On June 11, 1864, the US Congress passed a law called, “An Act in relation to the limitation of actions in certain cases” [13 US Statutes 123]

US forces took control of New Orleans in May of 1862, and at some point after that US courts began to operate in the city again. On April 16, 1866, Stewart & Company sued Bloom, Kahn & Company for payment on the note. Louisiana at this time had a state law called “the prescription of five years,” which was in essence a statute of limitations, which kept any action from proceeding once five years elapsed. The local court found for the defendants, citing the prescription of five years, as did the state’s supreme court. The state supreme court said, “This is an action upon a promissory note. The defendants pleaded the prescription of five years. The note fell due on the 13th of March, 1861, and the citations were served on the 18th day of April, 1866. More than five years having elapsed after the maturity of the note before the citations were served on the defendants, the plea of prescription must be sustained. It is therefore ordered, adjudged, and decreed, that the judgment of the lower court be affirmed, and that the appellant pay the costs of the appeal.” [78 US 493, 495] The plaintiffs cited the 11 June 1864 act, but the state courts held the act applied only to federal courts, not to state courts. The plaintiffs then appealed to the Supreme Court. The case was decided on December 1, 1870, with Associate Justice Noah Swayne delivering the Opinion of the Court.

In the opinion, Justice Swayne wrote, “In Hanger v. Abbott, this Court held that the time during which the courts in the states lately in rebellion were closed to the citizens of the loyal states is, in suits since brought, to be deducted from the time prescribed by the statutes of limitations of those states respectively, although the statutes themselves contain no such exception, and this independently of the act of Congress of 1864. In the case of The Protector, the same rule was applied to the acts of Congress of 1798 and 1803 fixing the time within which appeals shall be taken from the inferior federal tribunals to this Court. The case before us was decided prior to the decision of this Court in Hanger v. Abbott, with which is in direct conflict. But apart from the act of 1864, it would present no ground of federal jurisdiction. Hanger v. Abbott came into this Court under the 22d section of the Judiciary Act of 1789, or if that section is superseded, under the second section of the amendatory act of 1867. Its determination, therefore, depends necessarily upon the construction and effect to be given to the act of 1864.” [78 US 493, 503]

He also wrote, “But it has been insisted that the act of 1864 was intended to be administered only in the federal courts, and that it has no application to cases pending in the courts of the states. The language is general. There is nothing in it which requires or will warrant so narrow a construction. It lays down a rule as to the subject, and has no reference to the tribunals by which it is to be applied.

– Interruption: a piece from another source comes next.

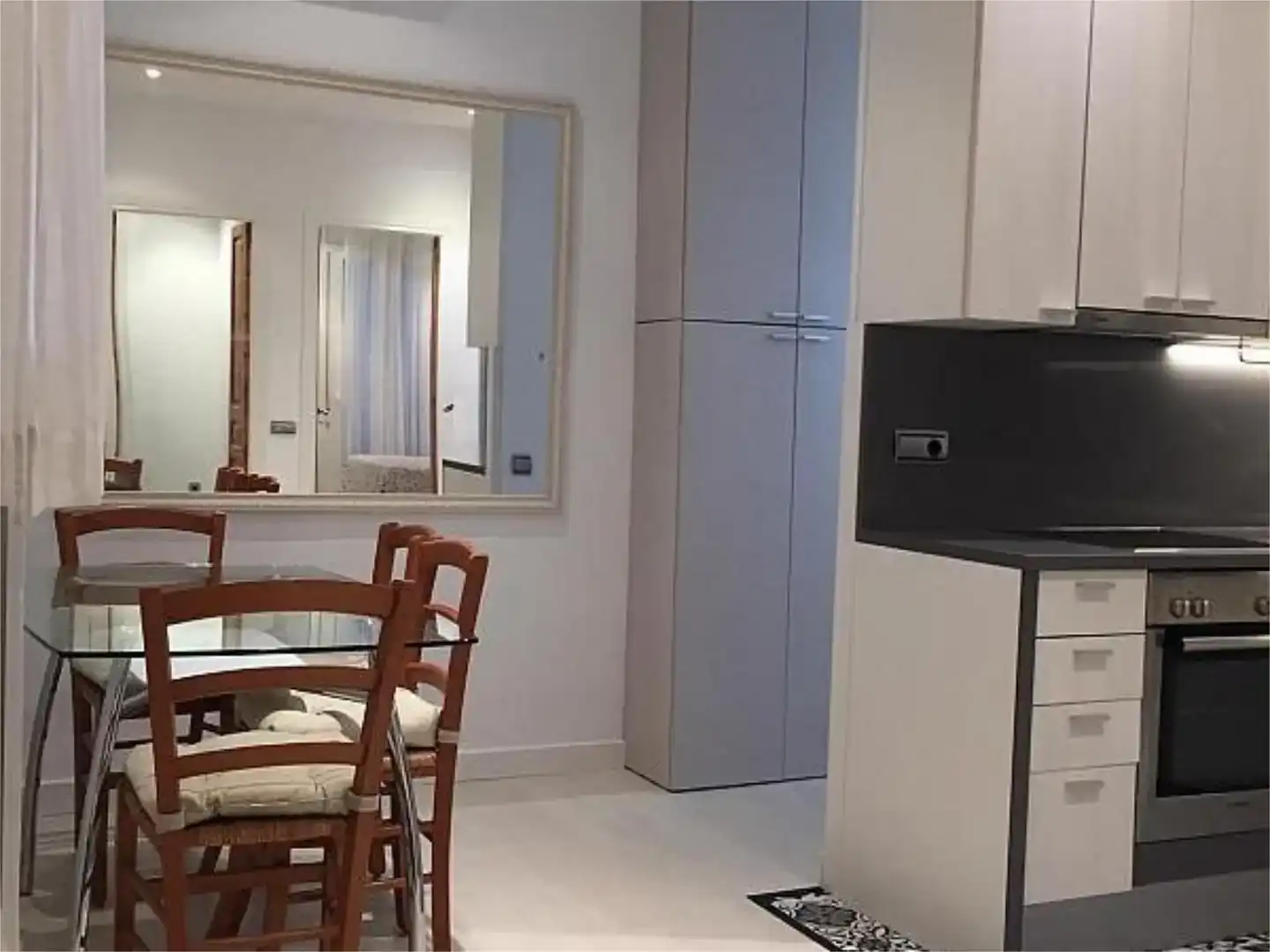 Kitchen of Apartments for rent in Casco Antiguo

A different interpretation would defeat, to a large extent, the object of its enactment. All those who could not sue in the courts of the United States, including the loyal men who were driven out by the insurrection and returned after it ceased, and those of the same class who remained at home during the war, would be deprived of its benefits. The judicial anomaly would be presented of one rule of property in the federal courts and another and a different one in the courts of the state, and debts could be recovered in the former which would be barred in the latter. This would be contrary to the uniform spirit of the national jurisprudence from the adoption of the Judiciary Act of 1789 down to the present time.” [78 US 493, 505-506]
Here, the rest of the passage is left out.